Their opinions also are based on the fact that obtaining “natural immunity” before vaccination means getting infected with the virus. While vaccines offer a controlled, limited introduction to what the coronavirus looks like, COVID-19 itself is unpredictable and uncontrollable.

As Idaho State Epidemiologist Dr. Christine Hahn said in a recent media briefing, health officials don’t want Idahoans to put themselves at risk by intentionally catching the virus.

Thousands of people have died from COVID-19 in Idaho, according to state records. More than 13,000 have been hospitalized. Untold numbers of Idahoans have long-term health issues because the virus invaded and destroyed cells in their body, or because their immune system was confused by the novel pathogen and wreaked havoc on their organs.

When it comes to reinfections, there is what’s known as a “survivorship bias” that clouds the data. Nobody who dies from COVID-19 will ever be reinfected. That takes 3,735 people out of the equation, in Idaho alone. Only about 6% of those deaths were among the vaccinated — typically, among people whose age and health likely kept them from developing adequate immunity. How many of the deaths were from a reinfection? We don’t know.

There are legitimate studies that show vaccines are superior at warding off COVID-19. There are legitimate studies that show “natural” infection can produce a robust immunity, too.

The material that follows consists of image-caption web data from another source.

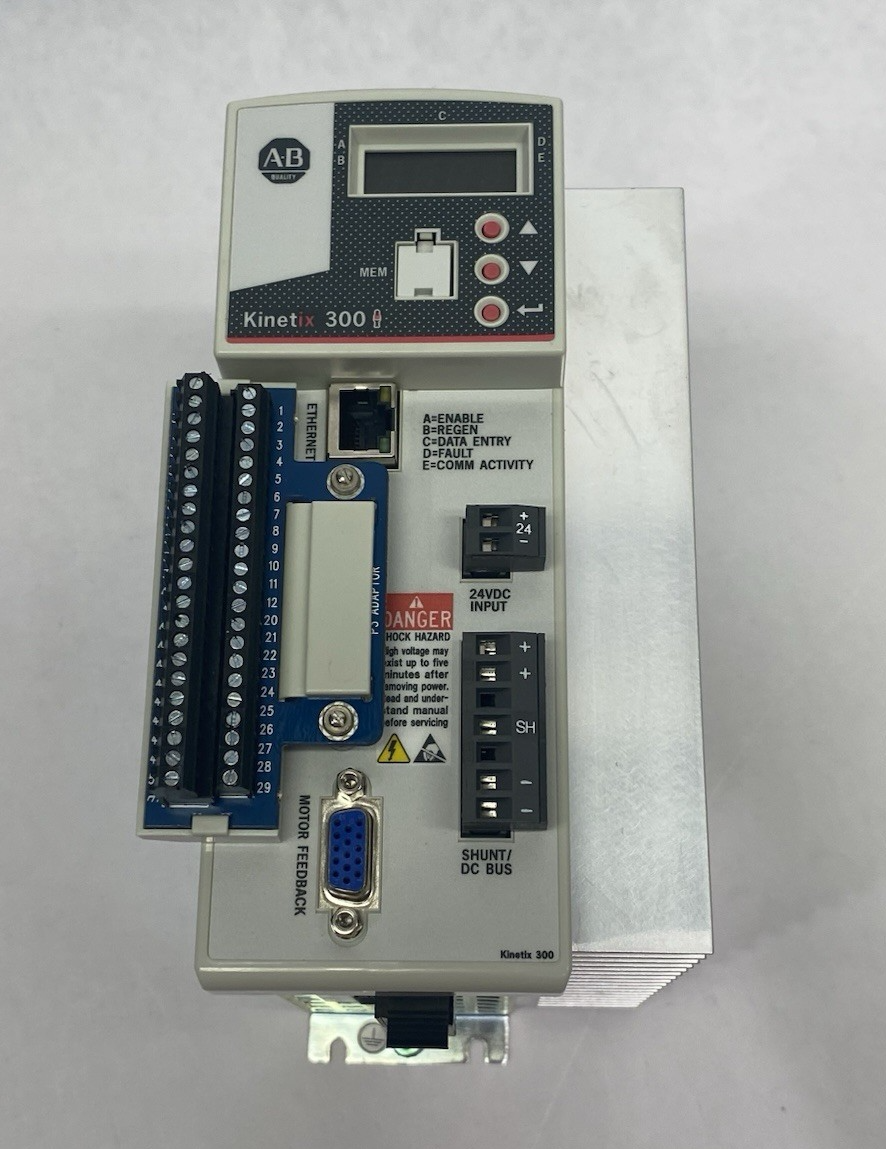 Allen Bradley 2097-V33PR5 Ser. A Kinetix 300 Servo Drive, Indexing Mode, 3-phase - Maverick Industrial Sales
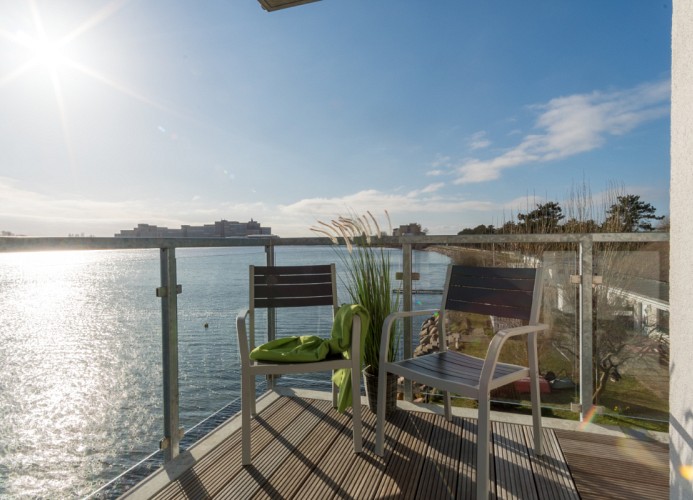 ... in Süd-Westausrichtung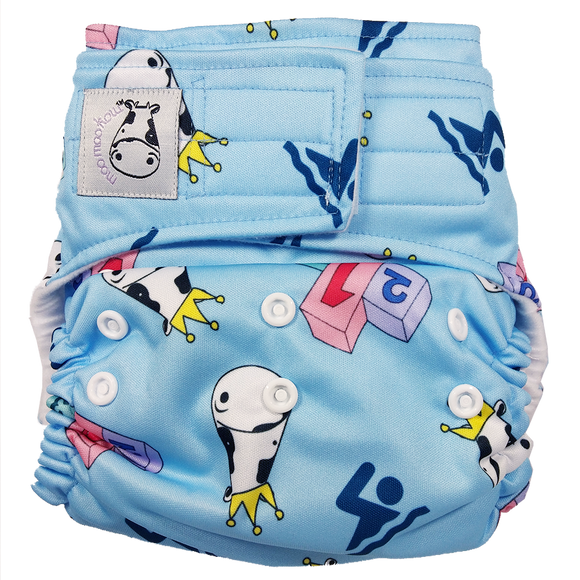 Cloth Diaper One Size Aplix - Swim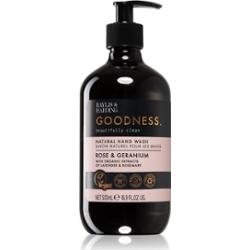 Baylis & Harding Goodness Rose & Geranium naturalne mydło w płynie do rąk 500 ml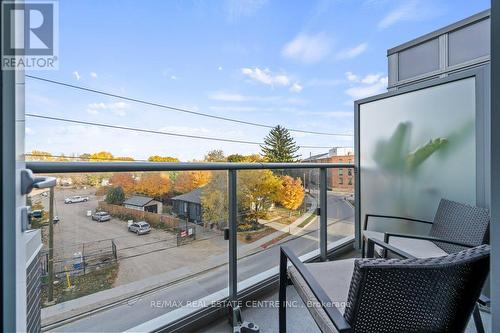 103 - 73 Arthur Street S, Guelph, ON - Outdoor With Balcony With Exterior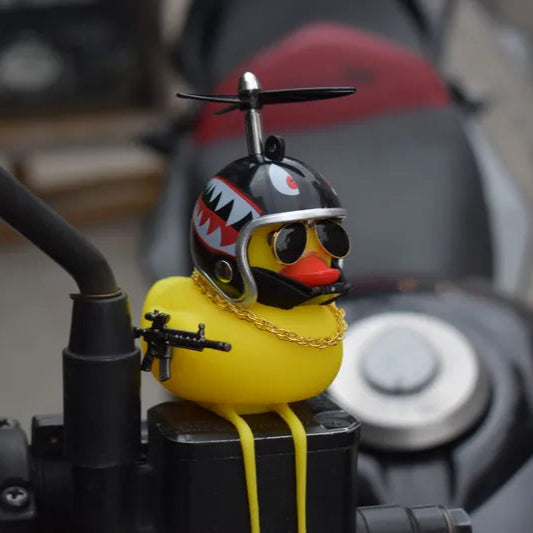 Patos para moto, bicicleta, carros con luz y abrazadera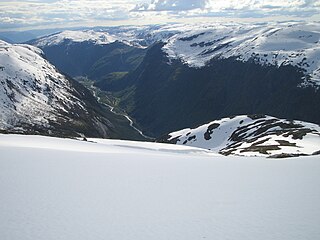 Høyanger Municipality in Vestland, Norway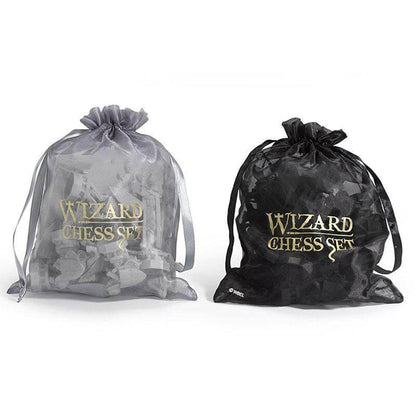 Cool Fantasy Wizard Chess Set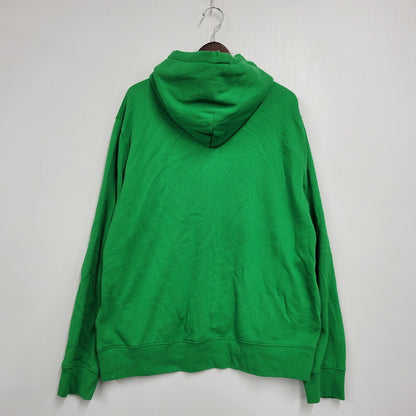 【中古品】【メンズ】 POLO RALPH LAUREN ポロ・ラルフローレン POLO BEAR HOODIE ポロベア フーディー パーカー 147-260912-as-04-izu サイズ：L カラー：グリーン 万代Net店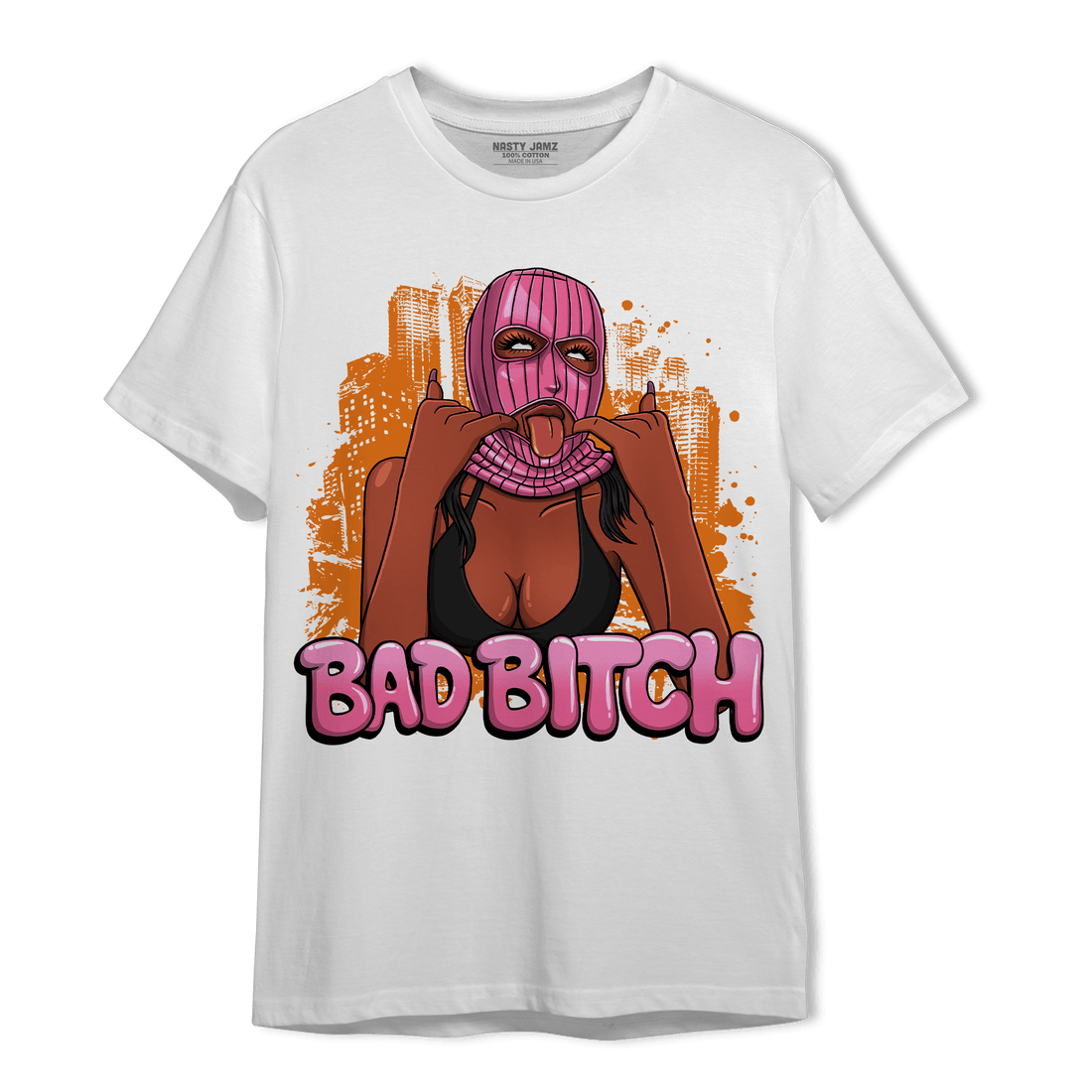 SB Dunk Blossom T Shirt Match Gangster Bad Bitch - NastyJamz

“But we have lots of studies and information from around the country and around the world about that,” Hahn said.

The CDC earlier this month published a large, multistate study that found hospitalizations for COVID-19 were 5.49 times more common among adults who previously had the disease three to six months earlier, than among adults who’d been fully vaccinated with Pfizer or Moderna shots three to six months earlier.

“The CDC has come out and said (people who recover from COVID-19 have) two months, three months, maybe six months of pretty good protection, but that vaccination is still recommended because there’s no way to know for sure who those folks are that are going to be protected and for how long,” Hahn said.